Average comment for Ask Posts is:  14.038417431192661


Average comment for Show Posts is:  10.31669535283993


So we have found that *Ask HN* post on average gets ~ 14 comments per post which is 40% higher than the ~10 comments received by *Show HN* posts.

So we will proceed only with *Ask HN* posts further in our analysis.


## Discover Amount of Ask HN Posts and Comments by Hour

Our second goal in the project was to find whether if posts created at certain time receive more comments.

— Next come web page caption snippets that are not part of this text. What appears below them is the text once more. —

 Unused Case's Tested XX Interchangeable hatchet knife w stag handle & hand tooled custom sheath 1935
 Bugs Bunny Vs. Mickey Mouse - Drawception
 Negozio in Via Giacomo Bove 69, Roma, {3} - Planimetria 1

So we will start by finding the number of posts and comments per hour and find the average comment per each hour.

In [9]:
#Extracting number of posts and comments for every hour
import datetime as dt
comment_hour = {} 
posts_hour = {}
for each_post in ask_posts:
    comment = int(each_post[4])
    time = dt.datetime.strptime(each_post[6], "%m/%d/%Y %H:%M") 
    if time.hour in comment_hour:
        comment_hour[time.hour] += comment
        posts_hour[time.hour] += 1
    else:
        comment_hour[time.hour] = comment
        posts_hour[time.hour] = 1
        
#Finding average number of comments per hour
average_comment_hour = {}
for each in comment_hour:
    average_comment_hour[each] = comment_hour[each] / posts_hour[each]
    
#Sorting the average_comment_hour in descending order
average_list = []
for hour,comments in average_comment_hour.items():
    average_list.append([comments,hour])
    
sorted_list = sorted(average_list, reverse = True)    

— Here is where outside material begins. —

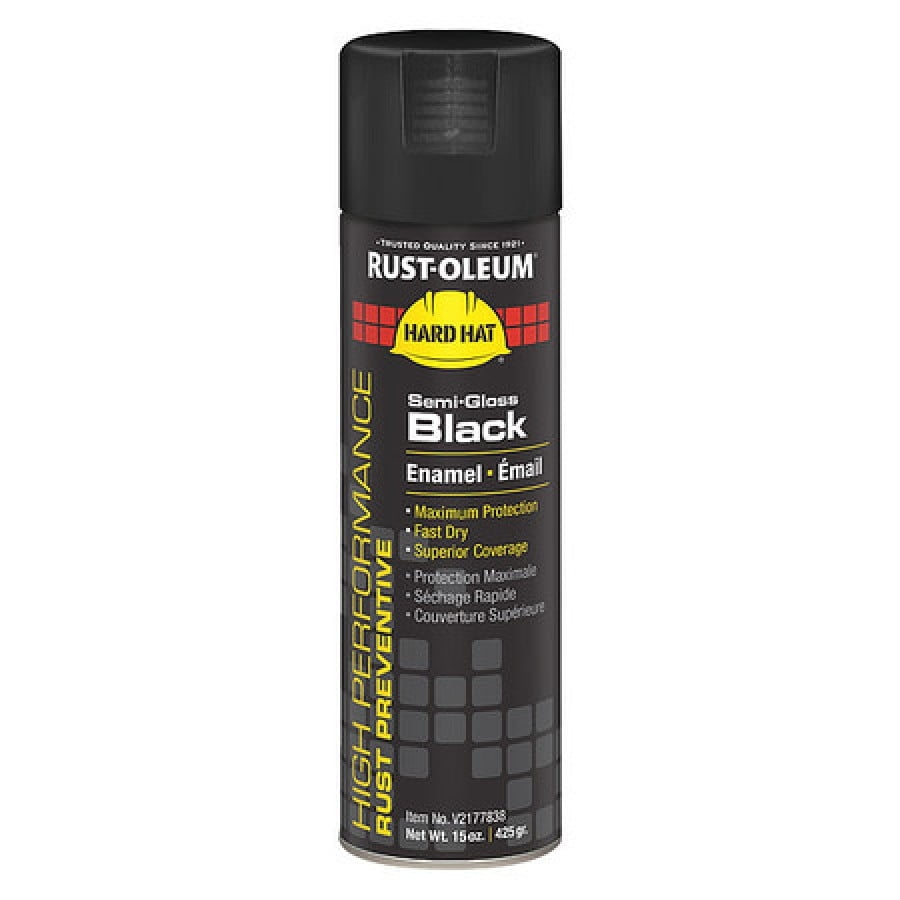 RUSTOLEUM V2177838 Rust Preventative Spray Paint, Black, SemiGloss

#Formatting for better readability
for comment, hour in sorted_list:
    print("The average comments per post during hour {}:00 is {:.2f}".format(hour, comment))

The average comments per post during hour 15:00 is 38.59
The average comments per post during hour 2:00 is 23.81
The average comments per post during hour 20:00 is 21.52
The average comments per post during hour 16:00 is 16.80
The average comments per post during hour 21:00 is 16.01
The average comments per post during hour 13:00 is 14.74
The average comments per post during hour 10:00 is 13.44
The average comments per post during hour 14:00 is 13.23
The average comments per post during hour 18:00 is 13.20
The average comments per post during hour 17:00 is 11.46
The average comments per post during hour 1:00 is 11.38
The average comments per post during hour 11:00 is 11.05
The average comments per post during hour 19:00 is 10.80
The average comments per post during hour 8:00 is 10.25
The average comments per post during hour 5:00 is 10.09
The average comments per post during hour 12:00 is 9.41
The average comments per post during hour 6:00 is 9.02
The average comments per post during h

So we can see is that *ASK HN posts* posted during 15:00 - 15.59 receives on average, 38.59 comments, which is 60% more than what hour 2 receives, which has ~24 comments per post on average.

The timezone in the data set is EST. So 15:00 corresponds to 3 PM EST.

## Conclusion:
In this project, we analysed Hacker News posts and determined *ASK HN* posts receive more comments on average, compared with *Show HN* posts. Also we found that *Ask HN* posts receive more comments on average, if the posts were during the time 3.00 - 4.00 EST. 

So we recommend creating a *Ask HN* post between 3.00 - 4.00 PM EST, if you are looking to maximize the number of comments your post receives.